However, a champion may keep their title despite a severe injury and despite the championship being quite important. In 1998, Shane Douglas kept the ECW World Heavyweight Championship while sidelined. In 2005, Trish Stratus kept the WWE Women's Championship while sidelined with a herniated disk for four months. In 2012, CM Punk kept the WWE Championship while undergoing and recovering from knee surgery. In 2015, Ryback kept the WWE Intercontinental Championship while recovering from a knee infection.
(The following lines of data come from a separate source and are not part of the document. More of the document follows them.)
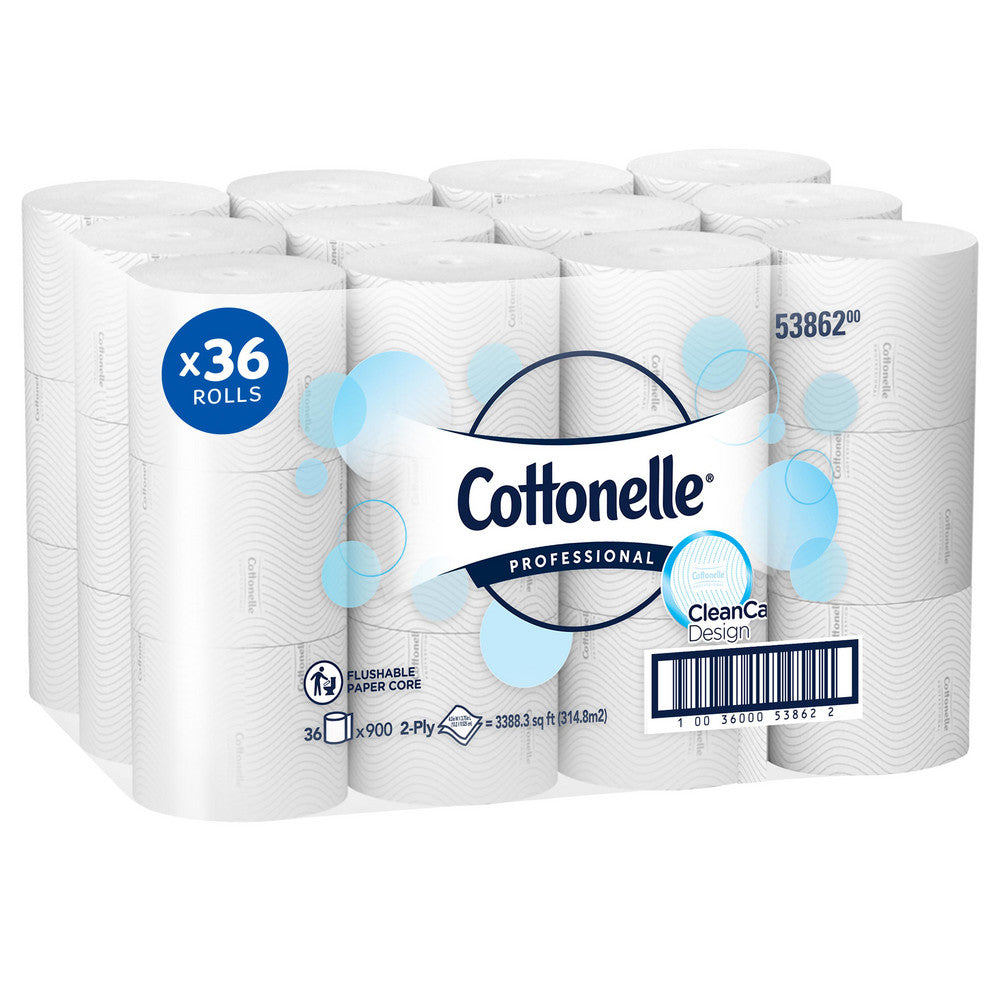 Cottonelle 53862 Paper Core High-Capacity Standard Toilet Paper, with CleanCare Design, 2-Ply, White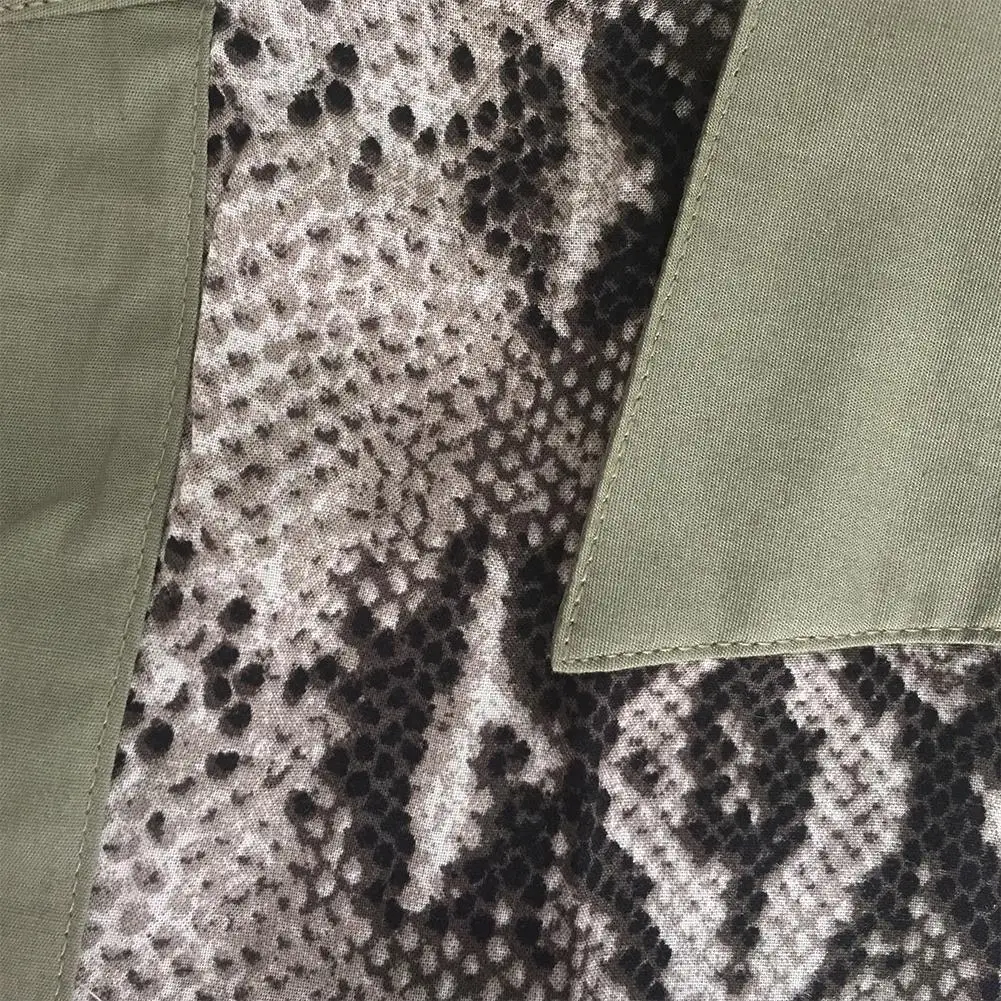 

Summer Snake Animal Print Army Green Blouse And Shirt Rockabilly Mens Turn Down Collar Hip Hop Short Sleeve Shirt Clothing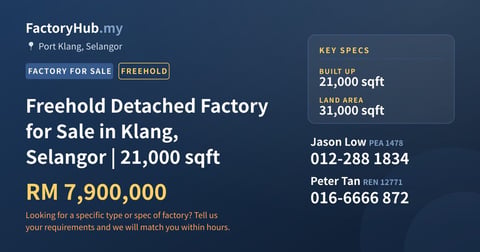 Factory For Sale - Freehold Detached Factory for Sale in Klang, Selangor | 21,000 sqft - Port Klang, Selangor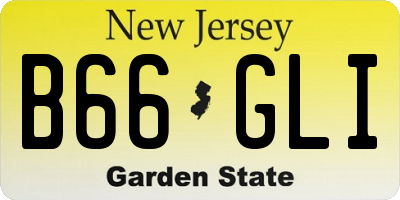 NJ license plate B66GLI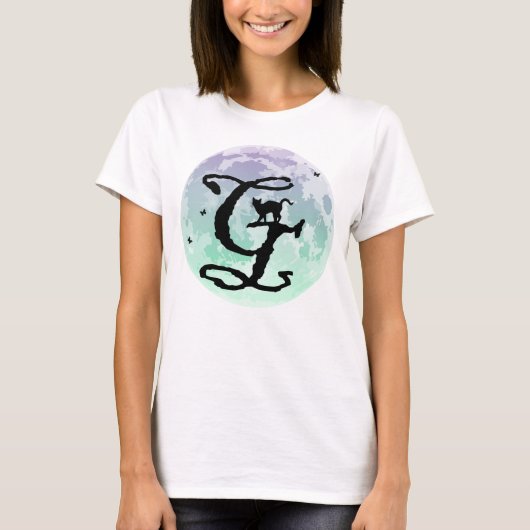 満月と猫GイニシャルモノグラムTシャツ Tシャツ (正面)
In All Elite Wrestling, when a champion gets injured, a match is held to determine an interim champion until the lineal champion is cleared to compete, after which a match is held between the two to crown an undisputed champion. For example, Jon Moxley became interim AEW World Champion in June 2022 after then-lineal champion, CM Punk, was sidelined with a foot injury. When Punk returned in August, Moxley defeated him in a match to become the undisputed champion. These interim reigns are not recognized as official reigns. However, if the lineal champion's injury renders them indefinitely sidelined, they can forfeit the championship and the interim champion becomes the lineal champion. An example of this happened in November 2022, when it was announced that then-lineal AEW Women's World Champion, Thunder Rosa relinquished the title due to a back injury she suffered in August. As a result, then-interim champion, Jamie Hayter, became the official champion.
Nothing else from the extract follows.